I have come across a reference: http://arxiv.org/pdf/0905.4131v1.pdf This suggests that for n observations $X_i$, the empirical maximum likelihood estimate $\hat P_{ij}$ minus the actual transition probability $P_{ij}$ would tend to a multivariate normal distribution with mean 0 and matrix of variance-covariances $\Sigma$.

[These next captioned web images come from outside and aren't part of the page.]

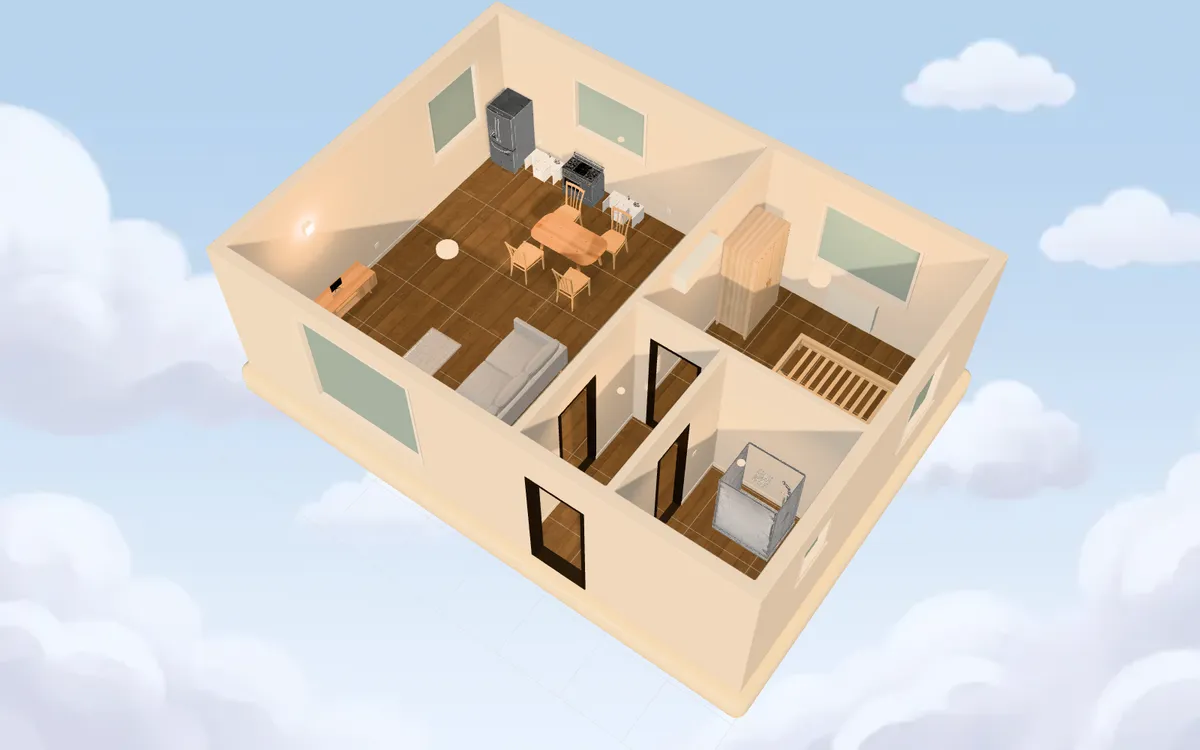 3D render of the same flat in daylight, seen from above with the roof off: sofa, dining table, kitchen, bedroom and shower.
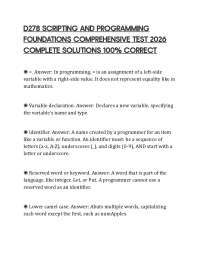 D278 SCRIPTING AND PROGRAMMING FOUNDATIONS COMPREHENSIVE TEST 2026 COMPLETE SOLUTIONS 100%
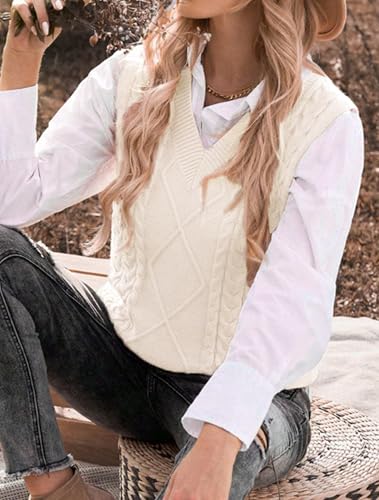 Image of Women's Sweater Vest,Long Cable Loose Knitted Sleeveless V Neck Casual Sweaters Tank Top S~XL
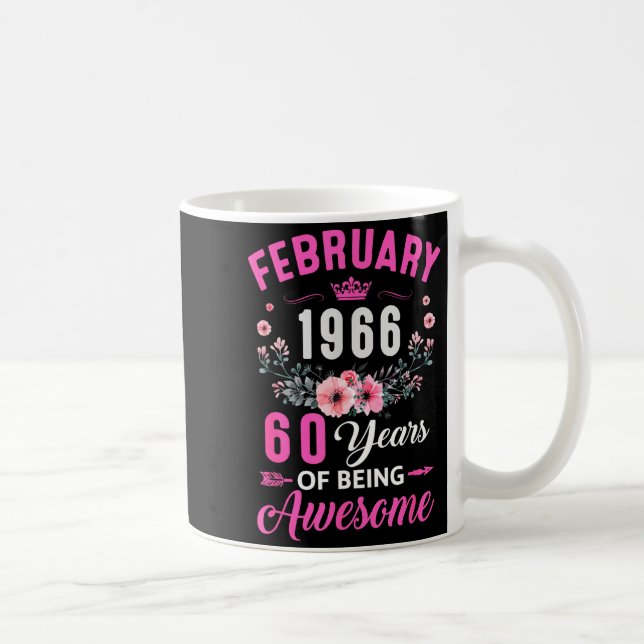 Mug Femmes depuis 1966 60 ans février (Droite)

$$\sqrt{n}|\hat{P_{ij}}-P_{ij}|\sim N(0,\Sigma)\quad \text{as}\quad n\rightarrow \infty$$

How to I calculate $\Sigma$ from my observed data? And how does this relate to confidence intervals?

1

There are 1 best solutions below

7
On

One could probably think about the nature of the dependence among the various random variables that would have been observed, but for now I'll do something simpler:

You have $n$ independent Bernoulli trials; in this case $n=400$. You have $x$ successes; in this case, $x$ is the numerator in the fraction. So the number of successes is binomially distributed with an unobservable parameter $p$. Theory tells us the expected value of the number of successes is $400p$ and the variance of the number of successes is $400p(1-p)$. That means the expected proportion of successes is $p$ and the variance of the proportion is $p(1-p)/400$. So we can cite the central limit theorem and we have an approximately normal distribution; thus about a $0.95$ chance of being between $-1.96$ and $+1.96$. We use $x/400$ as an estimate of $p$. Our $95\%$ confidence interval therefore has endpoints $$ \frac{x}{400} \pm 1.96\sqrt{\frac{(x/400)(1-(x/400))}{400}} $$

In many textbooks, you'll see a section called something like "Confidence interval for a proportion" that covers this.